Hace unos días me encontré con un amigo de toda la vida y, en plan de rememoración, recordamos dichos e historias de antiguas épocas. Las anécdotas fluían con naturalidad, pero los nombres de sus protagonistas flameaban en la punta de nuestras lenguas y no terminaban de caer en el aire sonoro del bar refrigerado. La infancia y la primera juventud están formadas en su mayoría en la creencia de que los hechos son únicos y se van acumulando con brillo y relieve propios en el palacio de la memoria y pueden ser extraídos limpios y espléndidos y a voluntad, cuando las circunstancias lo requieran, pero después, el tiempo y su cúmulo de situaciones confusas e insignificantes debilitan esa creencia. Mi primera sorpresa al respecto proviene de aquel remoto entonces, cuando fuimos al cine en familia, durante la época en que ir al cine era pasarse la tarde en el maravilloso continuado de las tres películas. Promediada la segunda, mi padre comentó: “Pero esta ya la vi”. Me sorprendió su demora en advertirlo. Que mi padre no recordara algo de inmediato, que incluyera esa película en una serie de infinitos posibles y la extrajera asombrado de los archivos del recuerdo tardío. Ese fue, comprendí después, el primer atentado riguroso contra la certeza en la singularidad de lo vivido.

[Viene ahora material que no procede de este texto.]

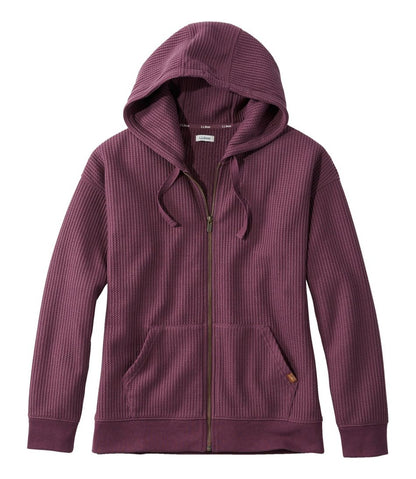 Women's Birchwood Brushed Waffle Full-Zip Hoodie L.L.Bean New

Por supuesto, la memoria absoluta es imposible, su resultado sería el más estricto de los tedios, la constancia de una repetición: ¿cuántas veces a lo largo de nuestra existencia pensamos, decimos, vemos, imaginamos algo nuevo? Claro que el aliviador olvido, si fuese total, volvería la mente plana y generaría el terror de no ser: la ilusión de la identidad personal está constituida por la creencia absurda en el registro de la experiencia. Y ese registro, lo que llamamos la memoria, también se va resquebrajando con el tiempo. Otro día, otro amigo, en una modulación de lo narrado en el párrafo inicial, me mencionó a una mujer y yo le dije que recordaba el nombre pero no a la persona. Mi amigo me contestó, un poco alarmado: “Saliste con ella durante tres meses”.

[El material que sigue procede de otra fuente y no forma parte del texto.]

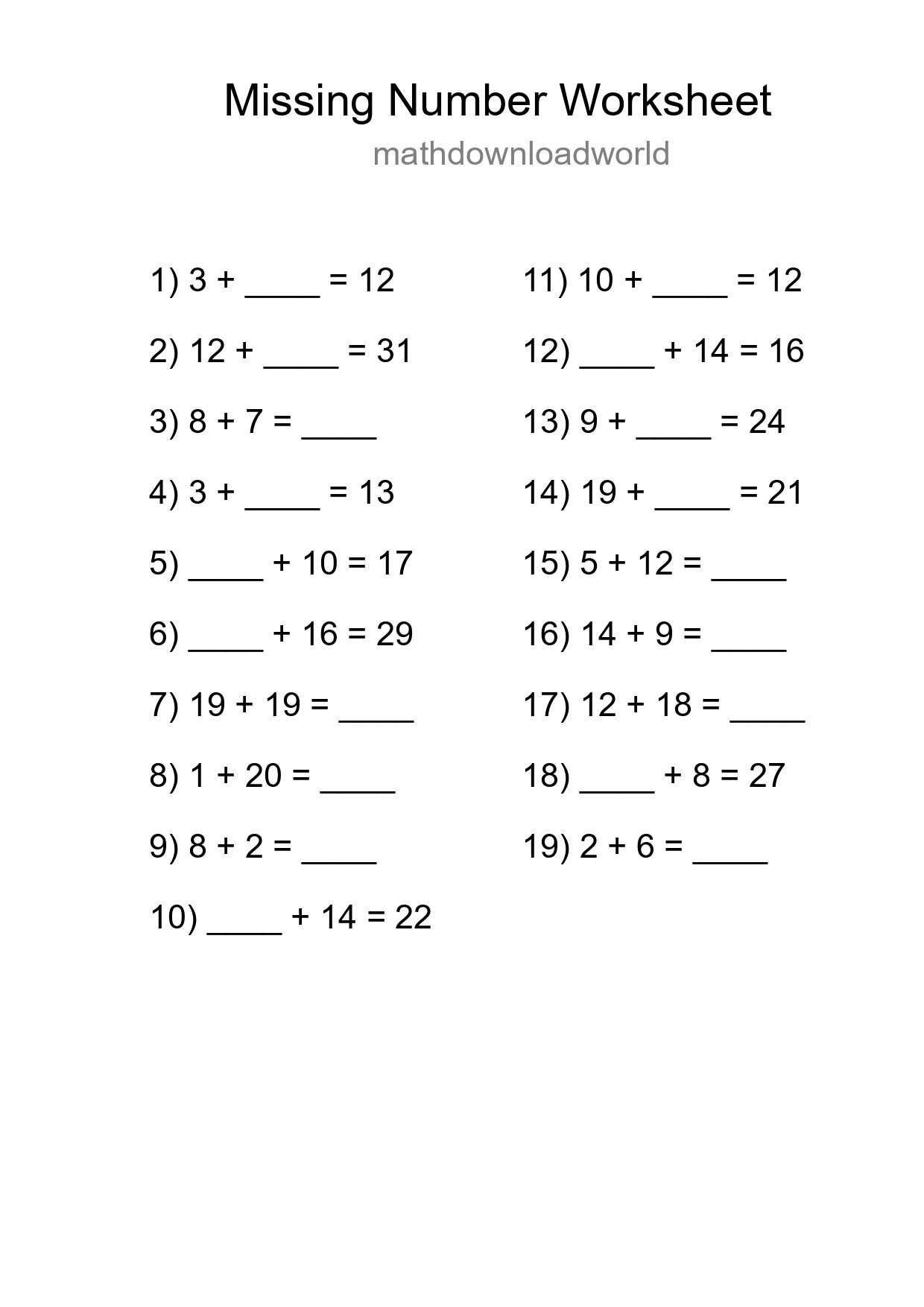 Missing Number Math Worksheet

Una explicación obvia de lo ocurrido es que esa relación no dejó marca en mí, pero situaciones como esa se repiten y hay que pensar en los efectos del paso del tiempo. Lo primero que se nos ocurrió a mi primer amigo y a mí en el bar fue que a medida que pasan los años a uno le importan menos cosas, y es probable que esa disminución de intereses generales esté alineada en unas paralelas que tenderán a aproximarse y en el momento de la muerte personal se juntarán con el total de los olvidos. En esa progresión, no solo van disminuyendo los intereses que antes nos capturaban, sino también las energías para abordar aquello que nos importa hasta que solo quede un resto, el mínimo resplandor. En una entrevista realizada poco antes de su fin, Freud hablaba con serenidad, como esa reducción aceptable de las expectativas y la conservación de pocos gustos que lo alentaban a seguir viviendo. Lo único que mi memoria registra de ese reportaje es que dijo que aún le gustaba contemplar las rosas de su jardín.